*** Opening of MATERIAL FOR THIS EXERCISE ***

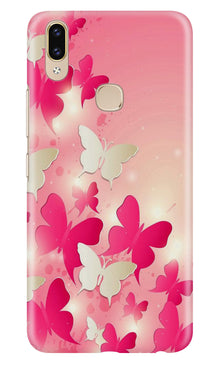 White Pick Butterflies Mobile Back Case for Asus Zenfone Max M2 (Design - 28)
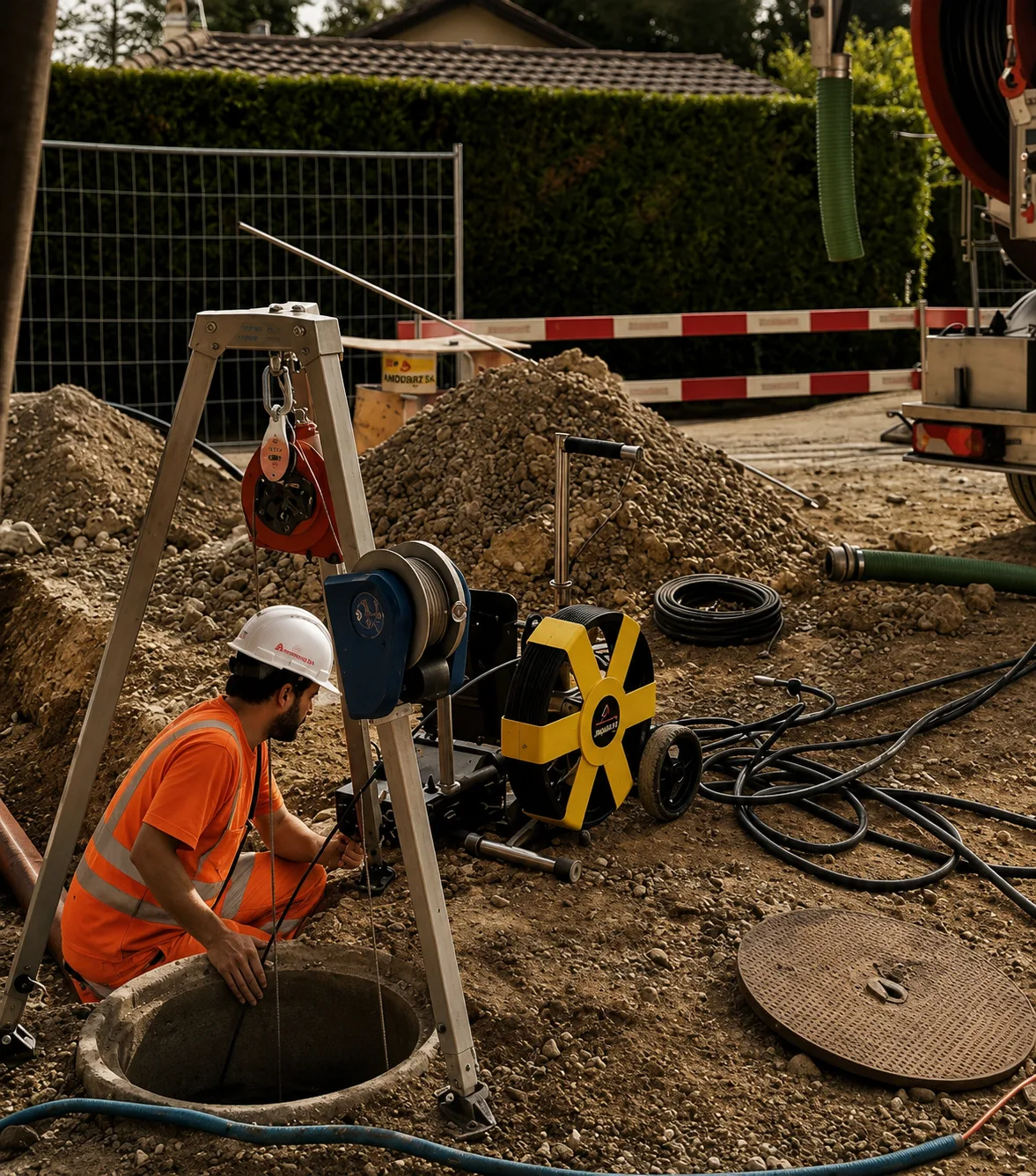 Intervention sur un regard de canalisation avec tripode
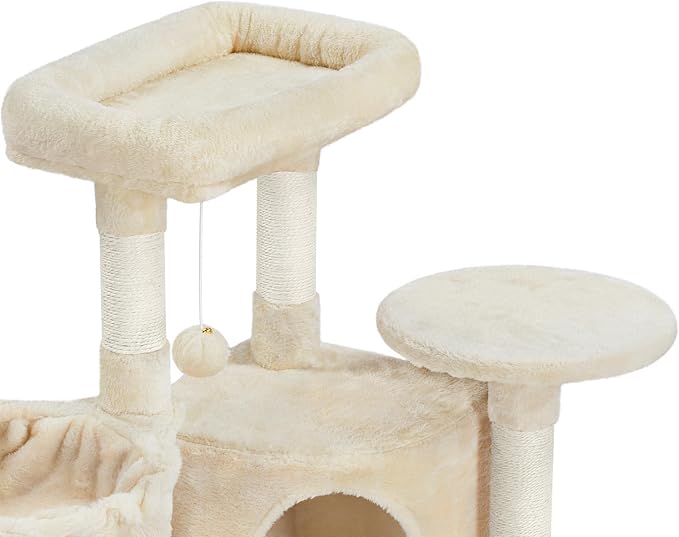 Topeakmart 42in Cat Tree Tower for Indoor Cats, Cat Condo with Perch & Hammock, Activity Center, Multi-Level Cat Furniture with Scratching Posts, Cat House, Beige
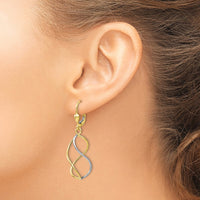 Load image into Gallery viewer, 10K Yellow with Rhodium Polished Leverback Earrings
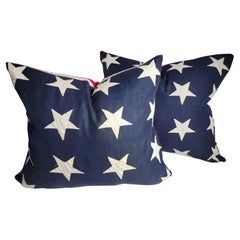Vintage 48 Star Flag Pillows -Pair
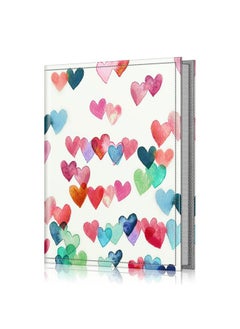 Fintie FINTIE Photo Album 4x6 Photos - 52 Photos Small Mini Capacity Premium Vegan Leather Cover Photo Album, Portable Wallet Photo Album for Family Wedding Boys Girls, Raining Hearts  - Image 1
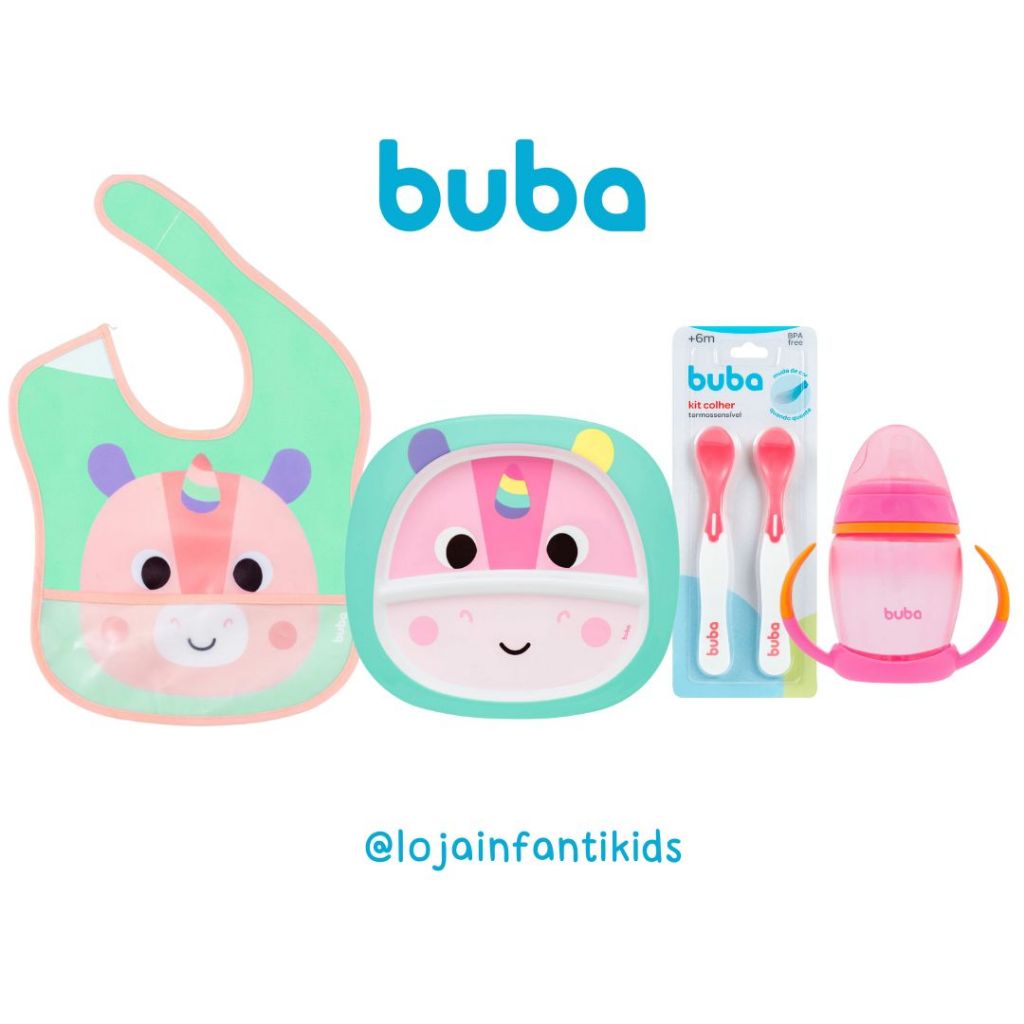 Kit Refeição Introdução Alimentar Buba (Prato Bebê com divisória, Copo bico de silicone, kit Colher, Babador Impermeável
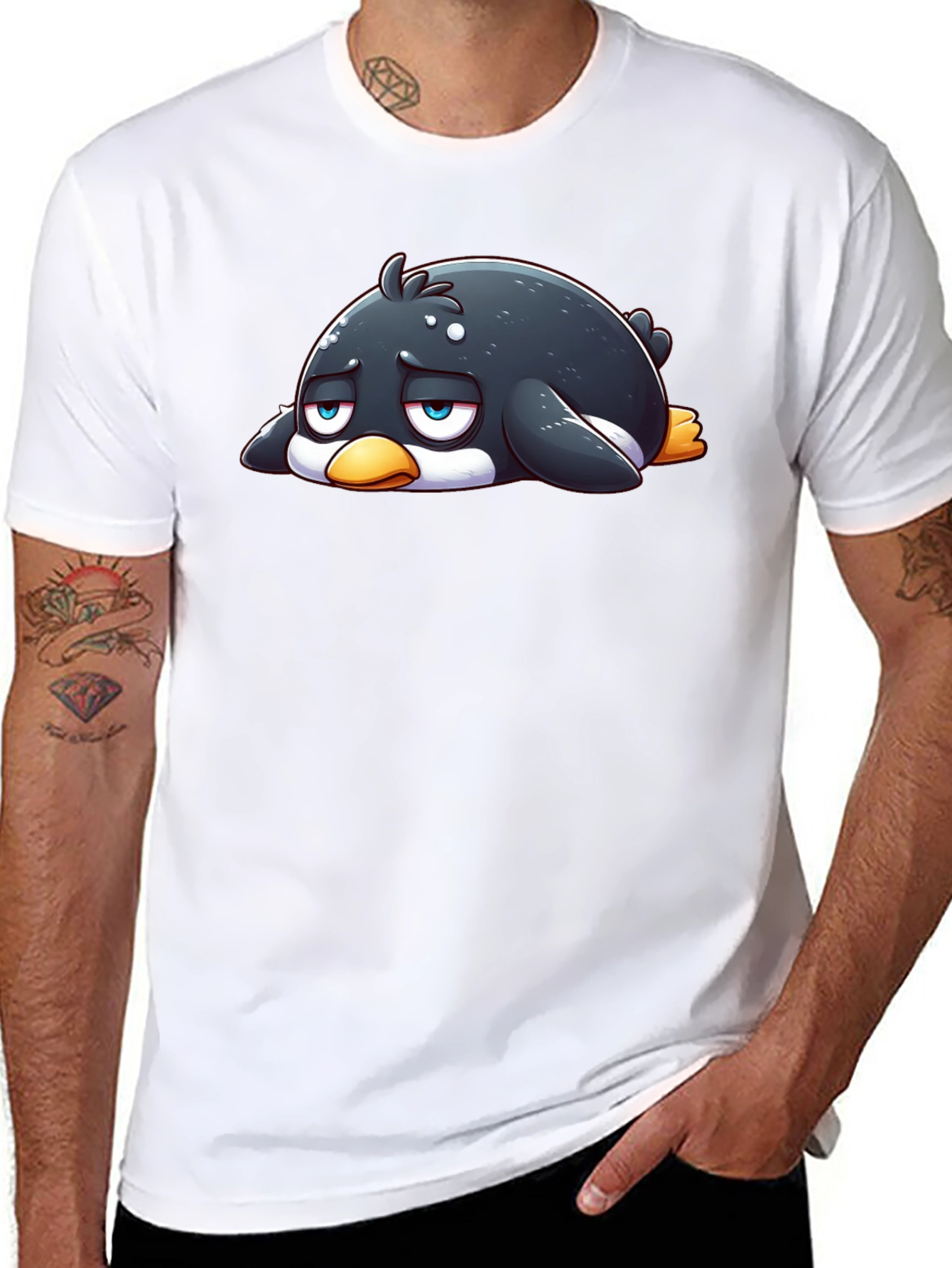 Sad Penguin Graphic Tee - Black Cotton Blend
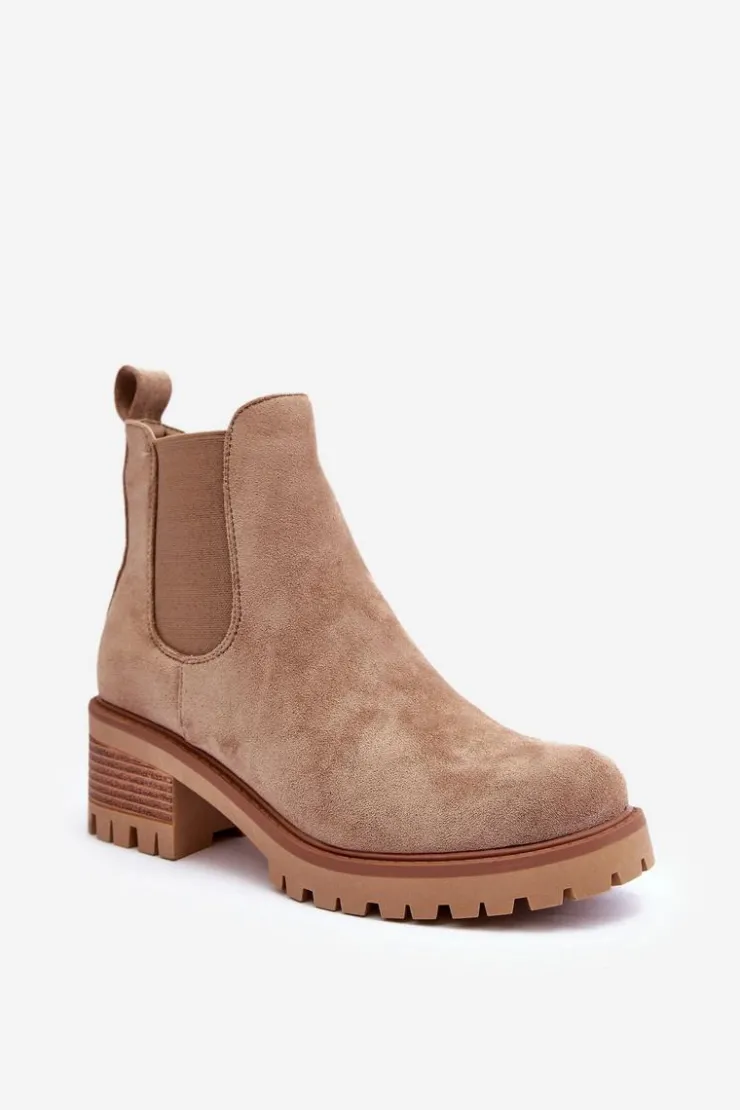 Boto Botki Na Słupku|Botki Zimowe Damskie*Niskie Klasyczne Zamszowe Botki Sztyblety Beżowe Lalyllis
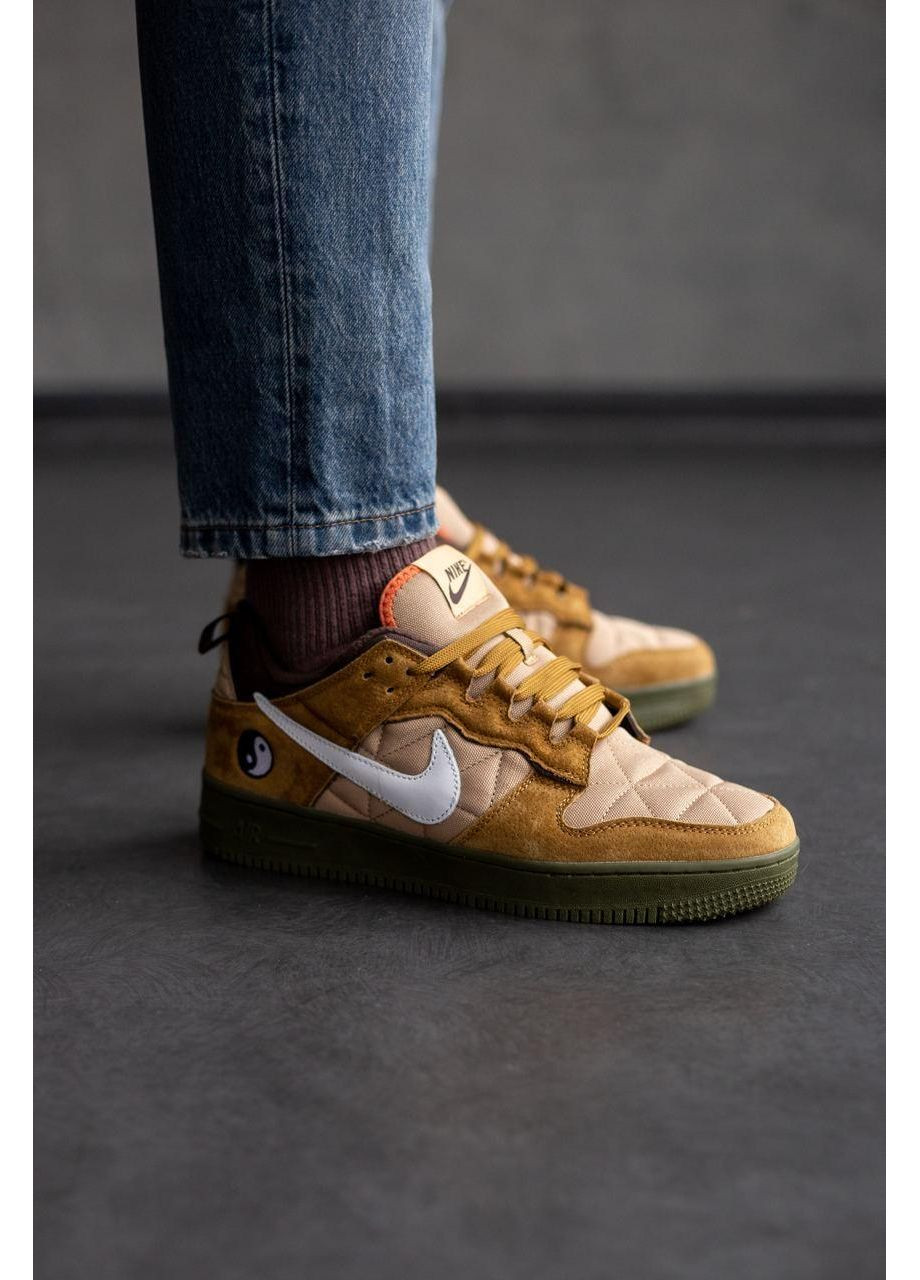Бежевые демисезонные кроссовки мужские nike air force 1 low cactus plant flea market winter найк аир форс 1 премиум No Brand
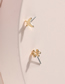 Fashion Gold Color Alloy Butterfly Flower Asymmetrical Stud Earrings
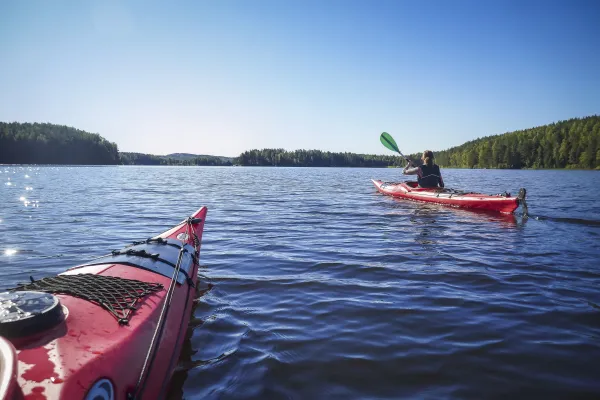 Two canoes in a lake.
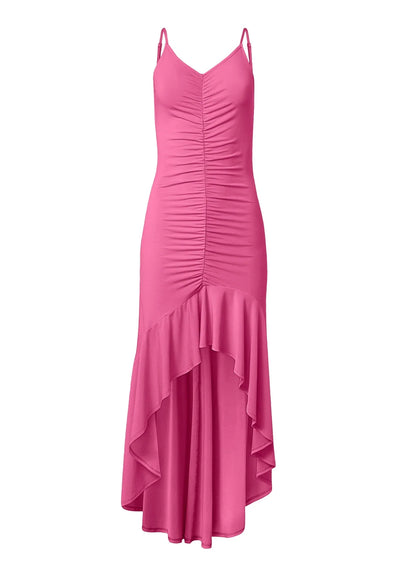 High Low Ruffle Dress Pink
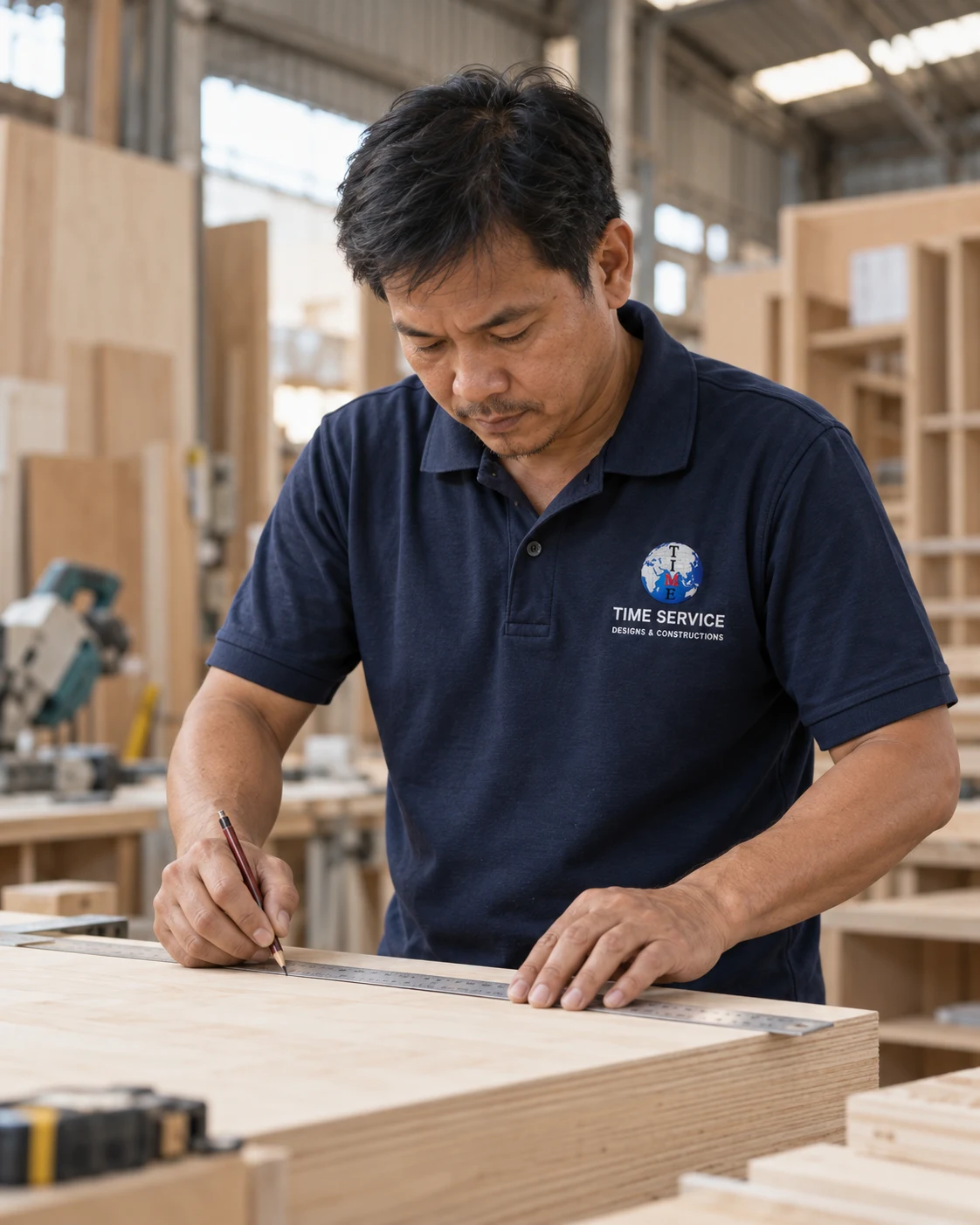 Illustrative image of a craftsperson working on custom exhibition components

*** Close of MATERIAL FOR THIS EXERCISE ***

§ **TASK PROMPT**: An exact copy of the listing above, minus its pictures, is what is needed here.

§ **WRITTEN RESPONSE**:
 White Pick Butterflies Mobile Back Case for Asus Zenfone Max M2 (Design - 28)
 Intervention sur un regard de canalisation avec tripode
 Topeakmart 42in Cat Tree Tower for Indoor Cats, Cat Condo with Perch & Hammock, Activity Center, Multi-Level Cat Furniture with Scratching Posts, Cat House, Beige
 Load image into Gallery viewer, 10K Yellow with Rhodium Polished Leverback Earrings
Vintage 48 Star Flag Pillows -Pair
 Fintie FINTIE Photo Album 4x6 Photos - 52 Photos Small Mini Capacity Premium Vegan Leather Cover Photo Album, Portable Wallet Photo Album for Family Wedding Boys Girls, Raining Hearts  - Image 1
 Kit Refeição Introdução Alimentar Buba (Prato Bebê com divisória, Copo bico de silicone, kit Colher, Babador Impermeável
 Sad Penguin Graphic Tee - Black Cotton Blend
 Boto Botki Na Słupku|Botki Zimowe Damskie*Niskie Klasyczne Zamszowe Botki Sztyblety Beżowe Lalyllis
Бежевые демисезонные кроссовки мужские nike air force 1 low cactus plant flea market winter найк аир форс 1 премиум No Brand
 Fashion Gold Color Alloy Butterfly Flower Asymmetrical Stud Earrings
 Two canoes in a lake.
 High Low Ruffle Dress Pink
 Illustrative image of a craftsperson working on custom exhibition components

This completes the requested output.